Q. How do we find a balance?

A. I think that you have to rely on the fact that human beings are social creatures that have powerful social instincts. We have to balance between excessive individualism, but also an excessive degree of social conformity.

Q. To what extent can individual freedom – something so sacred to liberals – be limited?

A. All liberal societies have to [be able to] preserve their own institutions. When you get a political party, for example, that is anti-democratic or anti-liberal, that, if it gains power, it’s going to shut down freedom of expression, not going to permit future democratic elections and so forth, a liberal society has the right to defend itself.

During the Cold War, you had a number of communist parties in France, Italy and Spain that were anti-liberal… there was a lot of resistance to them being permitted to freely participate in the system because there was a fear that, if they came to power, they would never leave power. I think there was a similar suspicion of a lot of Islamist parties. That was one of the reasons for the reaction against the Muslim Brotherhood in Egypt. A liberal society must [have the ability] to protect itself from illiberal forces.

Q. Is there a risk of moving towards an illiberal world?

A. There are two separate threats right now. The most severe one is from a resurgent populist nationalism that’s represented by Orbán in Hungary, by Erdoğan in Turkey, by Modi in India, by Donald Trump in the United States. All of these people were legitimately elected… but they use their legitimacy to threaten illiberal institutions. They want to eliminate the independent court system, they want to shut down opposition media, they [weaponize] the justice system to go after their political opponents. Then, there’s a separate threat coming from the left, which mostly applies in cultural settings, because you don’t have a left that’s come to power in quite the same way, at least in Europe and in North America. In Latin America, it’s different, because you do have a populist left that has behaved in a very similar authoritarian way in Venezuela and Nicaragua.

Q. Are liberalism and democracy always fellow travellers?

A. They are allies and they support each other, but they don’t necessarily have to exist at the same time. Orbán wants an illiberal democracy, with elections, but without freedom of the press or belief or free opposition. There are also liberal societies without democracy, like Singapore: there is individual freedom, but there are no elections.

Q. What do you think of the recently deceased Mikhail Gorbachev?

A. Well, he [leaves behind] a very mixed legacy. I think he remained a communist to the end. He didn’t want the Soviet Union to fall apart in the way that it did. But among communists, he had some very liberal tendencies. Glasnost was basically an appeal for greater freedom of expression… and that actually ended up undermining the former Soviet Union, because when people were allowed to speak freely, it turned out that, in many of the republics of the Soviet Union, what they said was: “I want my country to be separate from the Soviet Union.” It happened in the Baltics and in Ukraine and in many other places. Gorbachev did not intend for that to happen and he was very upset that it did. But I think, honestly, we have to admit that, without Gorbachev, all those countries would still be trapped in a Soviet dictatorship.

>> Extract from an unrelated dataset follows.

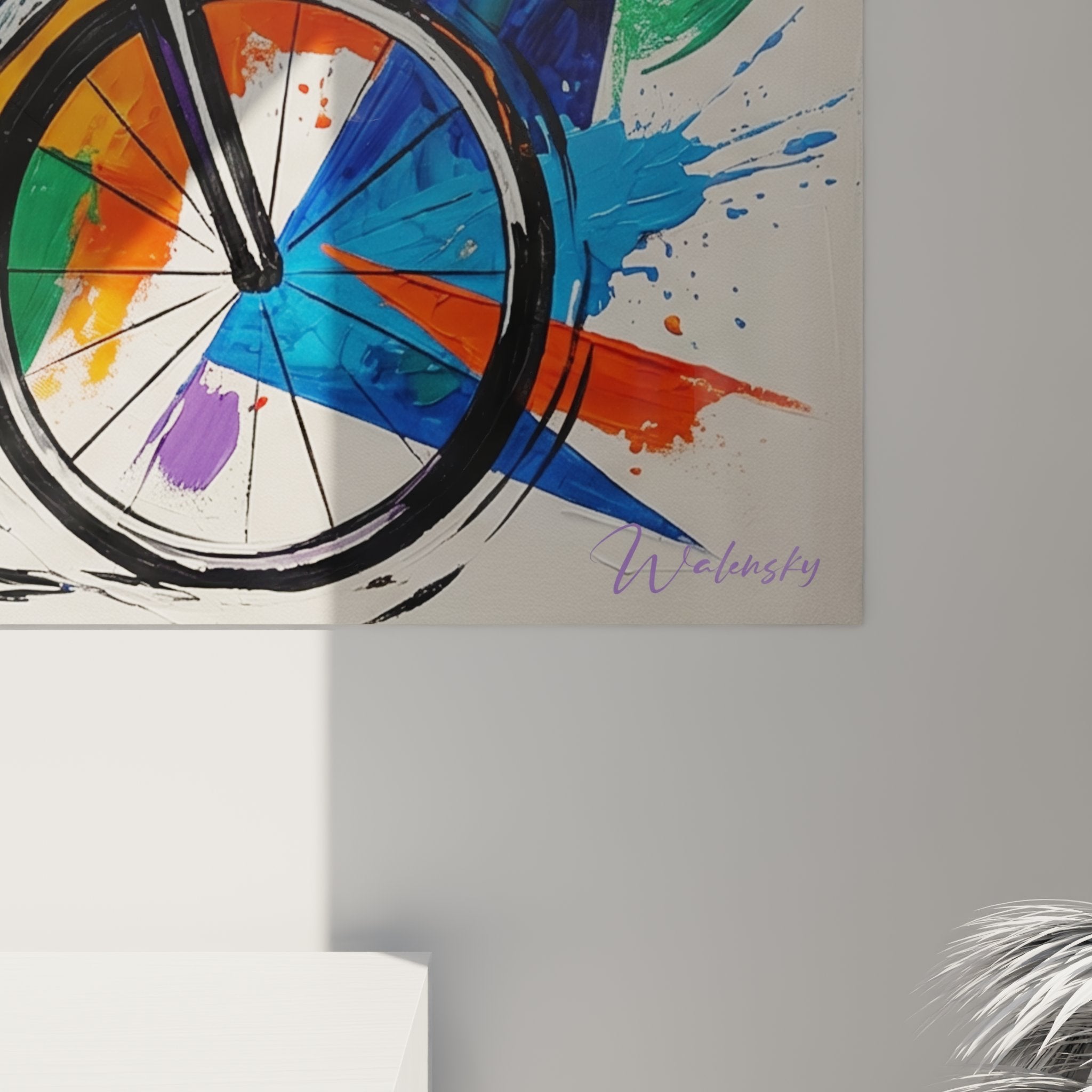 Überblick über das abstrakte Fahrrad-Kunstwerk in einem modernen Wohnzimmer mit Sofa und Design-Dekoration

Q. In the 1990s, you spoke of “the end of history.” Now we talk more about the end of the world!

A. I never said that liberal democracy would triumph everywhere, or that it would be the system that would end all our problems. If you take something like climate change – especially generated by economic growth – I don’t think that liberal democracy is worse at managing it than authoritarian governments, as is sometimes thought. Democracies have been more efficient in reducing emissions. The Chinese economy, for example, is based on fossil fuels.

Q. How do you see the future of civilization?

A. I’m optimistic in the sense that I believe that there’s been a lot of progress. Historically, if we take a very long view of history, humans have been remarkably able to adapt and shape their world.